Morto (mas não enterrado)
Caros amigos.
É sem pesar, e até com certo regozijo, que vos comunico estar morto. Sim, decidi que não mais vivo. Morri como forma de protesto e desabafo e agora, no post mortem, o que resta em meu coração é o alívio e a serenidade.
Confesso que a decisão foi meio precipitada, mas dela não me arrependo - nem arrepender-me-ei. A vida ia muito boa, muito bela, mas a estragavam as pessoas. As pessoas confusas, presas a conceitos que lhes fazem sofrer e lhes restringem o sadio frescor intelectual e espiritual. As pessoas que não sabem perdoar, que não têm a grandeza de agir sempre com sinceridade e que se enredam em esquemas viciosos de sofrimento causado por elas mesmas.
Morri, deliberadamente, para não mais ter de conviver com pessoas de tão torpe pensar e sentir, incrivelmente estultas e que crêem que no pequeno, no singelo, no modesto, nada de valor se encontra.
Outras, ainda, sufocam o que de mais lindo pode haver em uma vida humana - isto é, o amor - em detrimento do material. Este, mesmo feito da mais lôngeva liga é perene comparado ao verdadeiro amor, que é eterno.
Aos que desconfiam de seus irmãos sem nem os conhecê-los, condenando ao limbo o germe de uma futura amizade (ao menos para mim, as melhores amizades foram as mais improváveis) e aos que esquecem-se dos bons momentos e das mãos estendidas a eles nos momentos de necessidade também atribuo meu falecimento.
Desta forma, que festejem os que acreditam que eu lhes causava grande dano, ou que acreditavam ser eu um crápula por alguma eventual picuinha em que comigo estivessem envolvidos! De vós não levo rancor, raiva, mágoa ou qualquer sentimento.
E, meus amigos, não chorai! Não sofri, estejam certos. Melhor assim, pois os finados sempre podem aparecer aos que lhe são caros, evocando reminiscências.

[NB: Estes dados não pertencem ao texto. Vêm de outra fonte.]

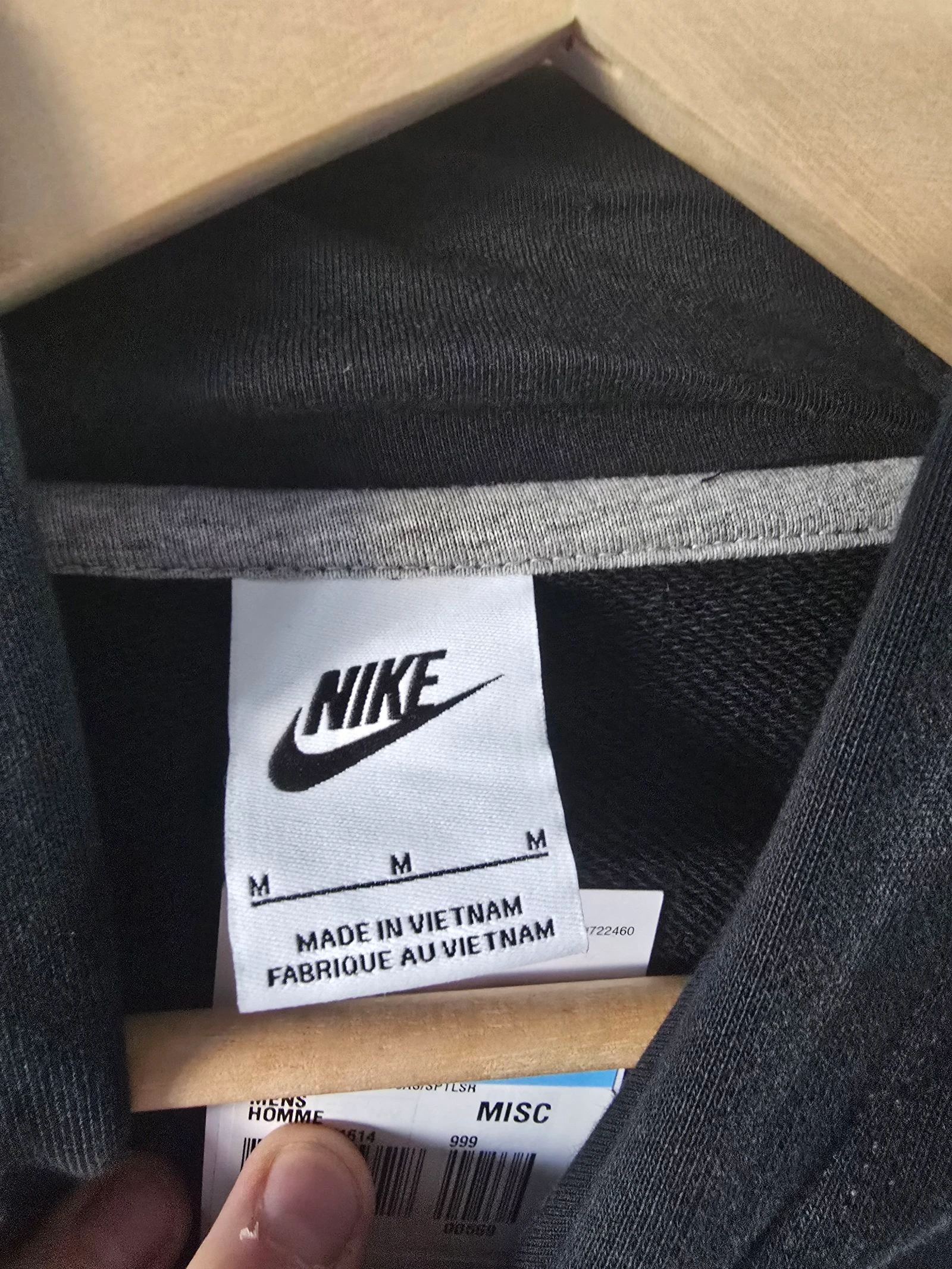 Sudadera Nike Negra con Capucha - Talla M (Nueva con etiquetas) – photo 4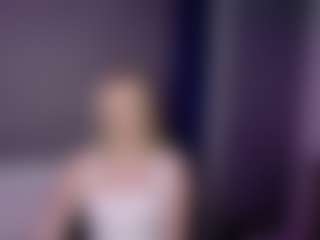 Live cam show with HazyLuna - Striptease on xfollow cams
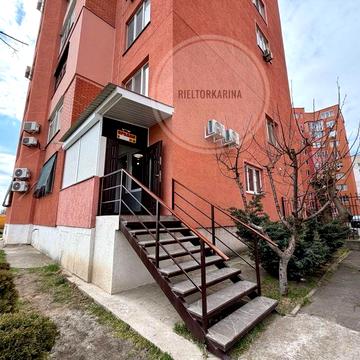 Продаж 2к квартири з окремим входом Соляні/Магелан на 1 поверсі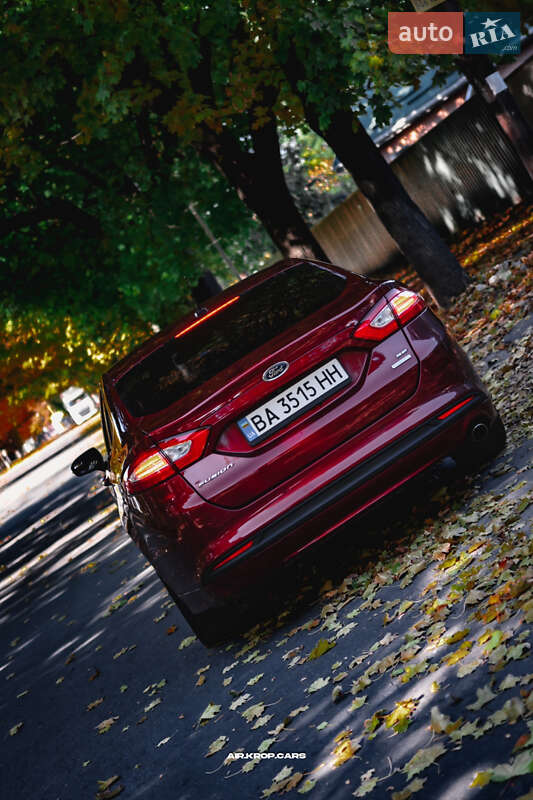 Седан Ford Fusion 2015 в Кропивницком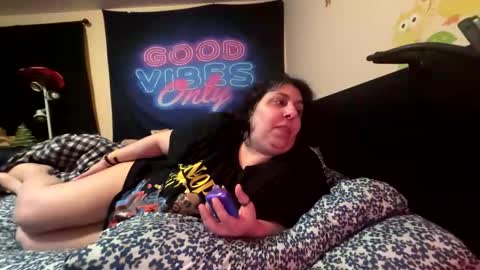 Snapshot of jennabrady chatting on 10.08.25 Dragon Queen. Be my Dragon -- and online show from 10.08.25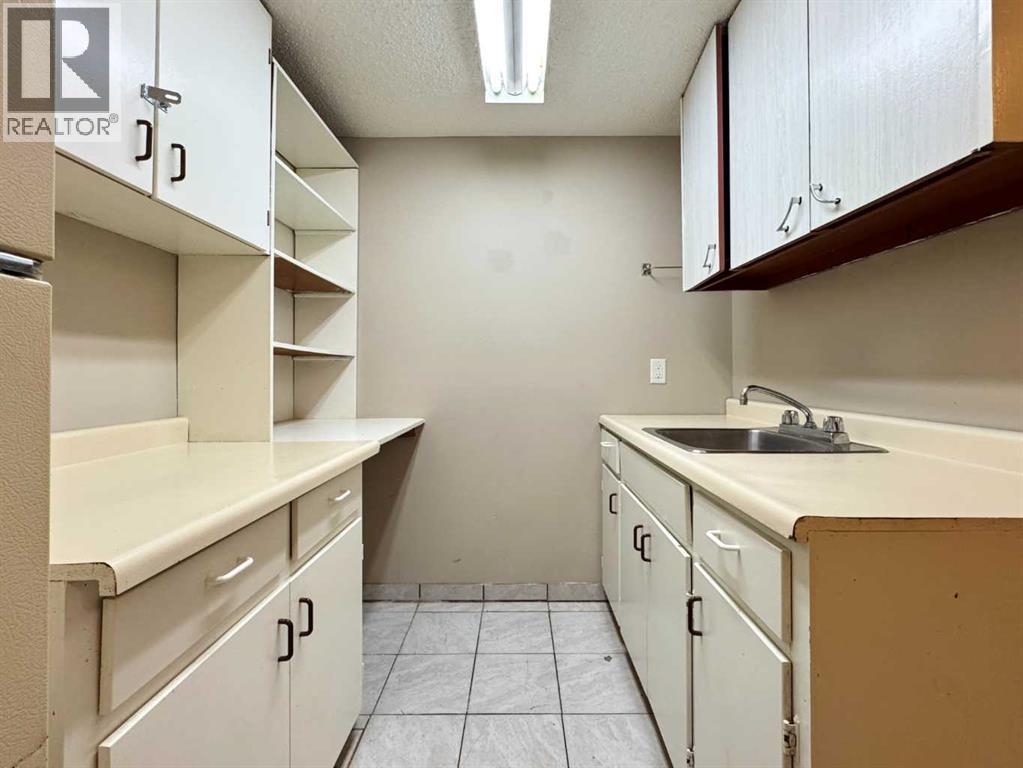 Second Kitchenette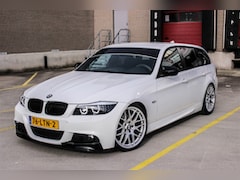 BMW 3-serie Touring - 320i Business Line M Sport Nieuwe Motor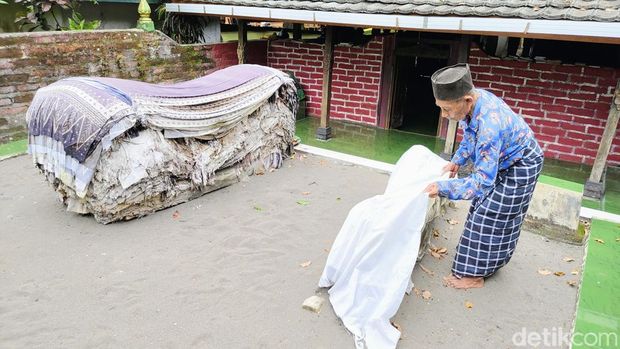 Makam Mbah Lancing di Kebumen Makam Mbah Lancing di Dukuh Kauman, Desa Mirit, Kecamatan Mirit, Kebumen.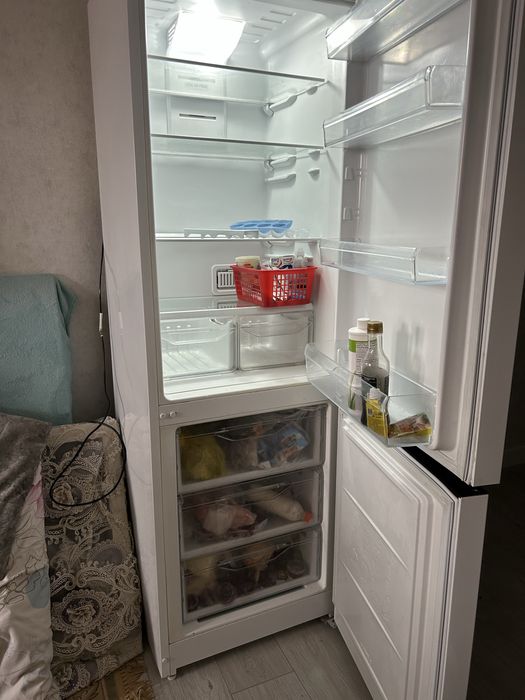 продам холодильник INDESIT  в хорошем состоянии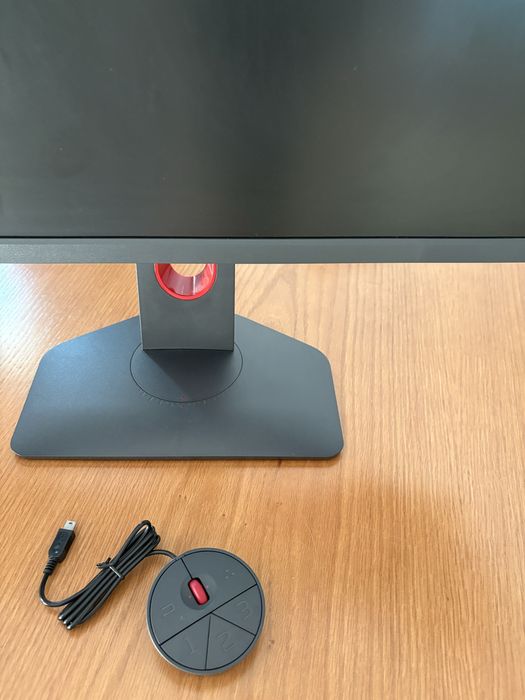 BenQ ZOWIE XL2546K 24,5” – Monitor e-Sports 240Hz | Como novo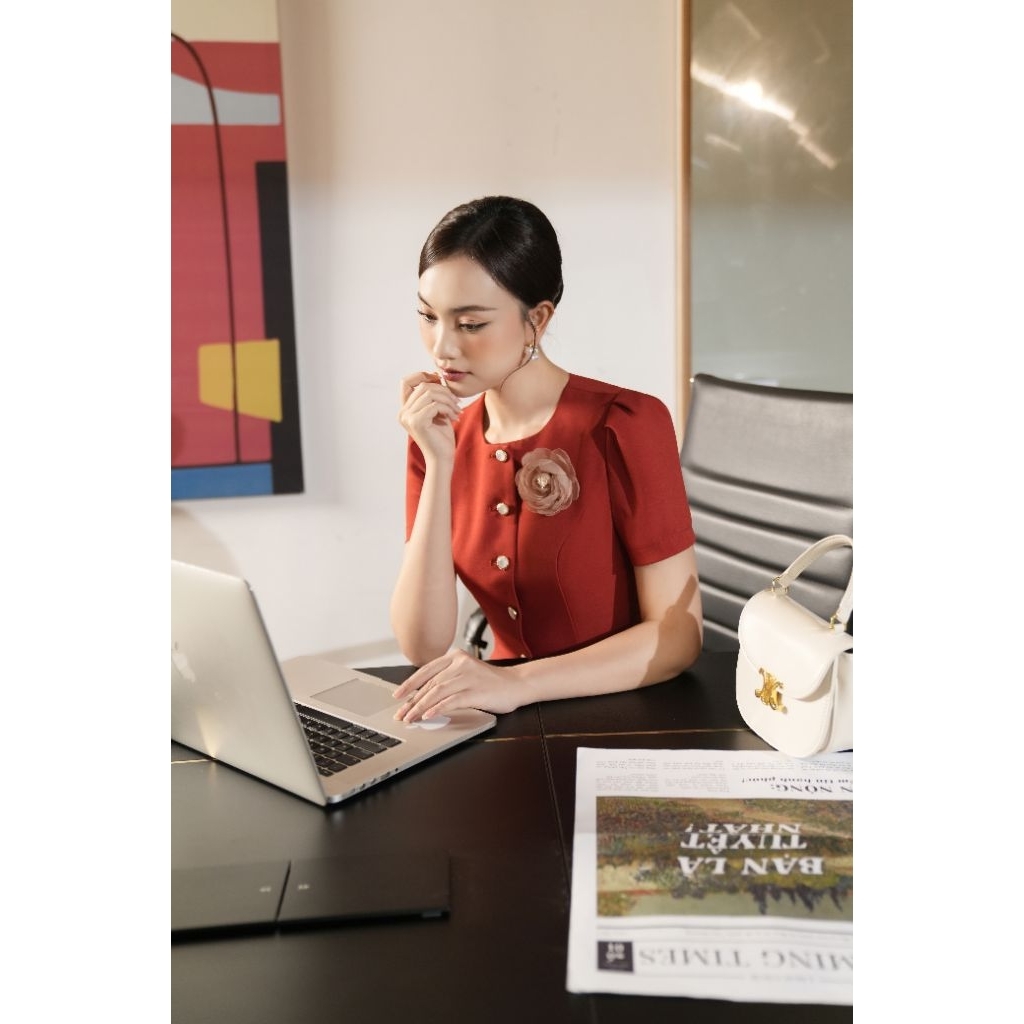 Chân váy ôm ELLA DORA dáng bút chì thanh lịch hiện đại phong cách công sở  màu DỎ GẠCH [CV50]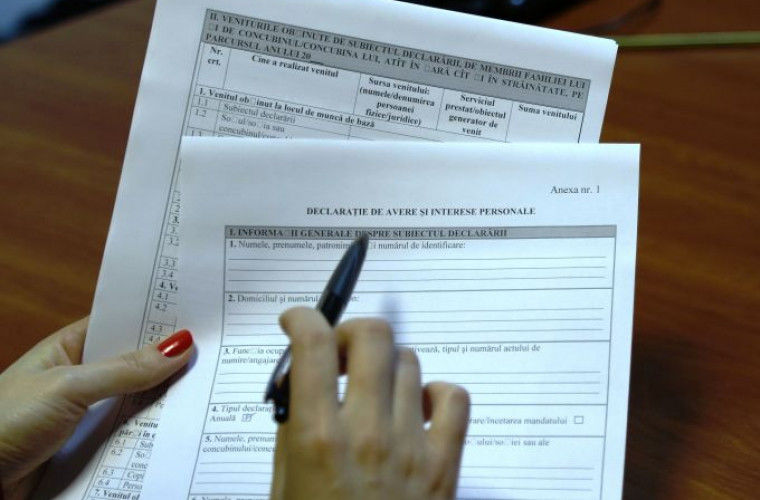 Декларации об имуществе и личных интересах 20 прокуроров будут проверены.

Minha causa mortis foi minha vontade de viver só para os que sabem o quanto a vida é frágil.
4 Comments:
Meus parabéns pelo excelente texto, meu amigo.
Em poucas palavras você descreveu a pequenez da raça humana e, ao mesmo tempo, elogiou uma pequena parcela desta espécie por quem vale a pena viver, amar, rir, sorrir e ser, simplesmente, feliz, frugal e apaixonadamente feliz!
Abração, meu amigo
Airton
Fico feliz em saber que aprendeste a principal lição que eu, como mãe e ex mestra te ensinei:Valorizar a vida, o amor, a amizade e o ser humano maravilhoso que somos.
Não podemos amar ninguém, se não amarmos a nós mesmos...
É triste perceber que nem todas as pessoas percebem o quanto é belo viver!
Beijos com amor
mamy
Nossa muito bom, vc conseguiu fazer ate eu entender o que vc queria passar ahuahua parabens cara adorei!!!!!
Abraço ve se ecreve muito mais!!!
F3L!p@0
Moral da história: Guga vai sair do Orkut. :P
Enfim, caro gaúcho. Bem interessante a carta, usando do artifício mais “Memórias Póstumas de Brás Cubas’ (elemento impossível de não citar), você falou, e falou bonito, sobre a grande merda que vivemos hoje em sociedade. “A vida ia muito bela, mas a estragavam as pessoas.” Putaquilpariu. Resume tudo. Você é escritor desse tipo, Guga. De frases. Mas não frasista, desses que Ferreira Gullar diz escreverem orações de impacto só por pedantismo ou tentativa de deixar o texto mais “forte.”
Prefiro suas crônicas, o que não tira a genialidade do texto.